We do state that expenses need to be completed within 30 days of completion of the trip. For non-travel expenses, we have a 30 day guideline.
Thanks for your input!
Kathy Goodwin
Purchasing | Travel Category
Phone: 214-768-2800
Email: kagoodwin@smu.edu
We implemented our Accountable Plan Policy a little over a year ago at UNC. Expenses submitted within 60 days are reimbursed as non-taxable; submitted within 61 and 180 days they are reimbursed as taxable; and submitted 181 days or later, the expenses are no longer reimbursable. We chose 60 days since it's the IRS safe harbor. We use Concur and PeopleSoft is our ERP if that's helpful. Happy to answer any questions!
Currently, Johns Hopkins accountable plan requires that expenses be submitted within 90 days of being incurred/purchased. After that time the expenses are reimbursed via payroll and treated as taxable income.

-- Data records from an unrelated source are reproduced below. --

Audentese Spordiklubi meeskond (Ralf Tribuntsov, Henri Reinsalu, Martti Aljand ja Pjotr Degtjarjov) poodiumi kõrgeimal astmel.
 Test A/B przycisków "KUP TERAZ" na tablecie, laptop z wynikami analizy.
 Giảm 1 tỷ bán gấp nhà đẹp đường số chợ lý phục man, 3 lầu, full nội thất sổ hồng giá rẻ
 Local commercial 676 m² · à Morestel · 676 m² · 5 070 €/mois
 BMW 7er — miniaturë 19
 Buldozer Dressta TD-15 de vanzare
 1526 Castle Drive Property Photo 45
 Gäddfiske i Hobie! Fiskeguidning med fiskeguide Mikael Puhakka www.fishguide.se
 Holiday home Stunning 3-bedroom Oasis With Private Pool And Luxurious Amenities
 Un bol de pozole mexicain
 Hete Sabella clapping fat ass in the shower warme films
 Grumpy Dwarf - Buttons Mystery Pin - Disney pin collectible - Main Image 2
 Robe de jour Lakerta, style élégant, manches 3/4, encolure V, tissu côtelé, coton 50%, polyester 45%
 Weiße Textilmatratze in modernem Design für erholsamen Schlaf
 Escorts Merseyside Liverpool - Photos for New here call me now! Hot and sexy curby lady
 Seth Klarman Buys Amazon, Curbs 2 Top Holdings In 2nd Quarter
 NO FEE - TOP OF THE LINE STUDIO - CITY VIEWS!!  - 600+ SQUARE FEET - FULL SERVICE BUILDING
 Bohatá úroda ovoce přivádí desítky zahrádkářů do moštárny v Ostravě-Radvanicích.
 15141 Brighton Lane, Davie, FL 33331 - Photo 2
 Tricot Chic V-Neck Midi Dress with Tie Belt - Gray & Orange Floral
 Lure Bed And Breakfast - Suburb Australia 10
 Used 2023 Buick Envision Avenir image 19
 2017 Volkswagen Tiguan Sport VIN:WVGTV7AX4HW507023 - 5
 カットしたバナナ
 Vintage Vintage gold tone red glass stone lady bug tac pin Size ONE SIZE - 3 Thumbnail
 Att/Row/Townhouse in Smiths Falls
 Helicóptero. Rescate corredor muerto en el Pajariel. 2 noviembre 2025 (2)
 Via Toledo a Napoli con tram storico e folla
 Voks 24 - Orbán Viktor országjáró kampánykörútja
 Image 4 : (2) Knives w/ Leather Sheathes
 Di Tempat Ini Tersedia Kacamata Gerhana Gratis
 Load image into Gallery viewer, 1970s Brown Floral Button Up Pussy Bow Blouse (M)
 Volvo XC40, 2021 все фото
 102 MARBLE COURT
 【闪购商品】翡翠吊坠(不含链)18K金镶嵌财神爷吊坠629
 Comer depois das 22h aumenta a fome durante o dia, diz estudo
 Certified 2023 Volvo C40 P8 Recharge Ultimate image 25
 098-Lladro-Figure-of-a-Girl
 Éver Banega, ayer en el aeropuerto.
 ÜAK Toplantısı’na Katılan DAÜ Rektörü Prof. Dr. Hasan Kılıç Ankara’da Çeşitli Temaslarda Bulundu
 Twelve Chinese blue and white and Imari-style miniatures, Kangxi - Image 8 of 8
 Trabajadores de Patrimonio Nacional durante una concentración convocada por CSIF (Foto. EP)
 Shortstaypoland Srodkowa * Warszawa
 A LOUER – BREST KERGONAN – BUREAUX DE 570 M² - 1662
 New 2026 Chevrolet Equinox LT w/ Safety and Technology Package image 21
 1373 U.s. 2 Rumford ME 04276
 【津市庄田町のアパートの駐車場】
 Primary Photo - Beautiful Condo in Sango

Rebecca this is very helpful as we also use Concur. Do you have a process automated that passes from Concur to the payment system and are the submitters advised at the juncture? (I know they are advised in advance and should be aware of the policy - but curious about the communication outside of the policy piece).
Thanks! Kathy
Thanks for the context and timeline Amy. Currently we do not have any process in place and it is good to see what others are doing in this area.
As far as alerts, yes: we have audit rules in place that notify users when expenses are past 60 days in aging and may be taxable. We have a hard-stop on certain expense types (the ones related to overnight travel) that will not allow the report to be submitted when they're past 180 days in aging. And other expenses not related to overnight travel have an audit rule that lets users know the expense may not be reimbursable if they're past 180 days.
The data reporting is a bit manual as we have to look at expenses related to overnight travel differently than other expenses reconciled in Concur. I pull the data on a weekly basis and share it with our IT team. From there, the process is automated to send the data to payroll and process the reimbursements as taxable income.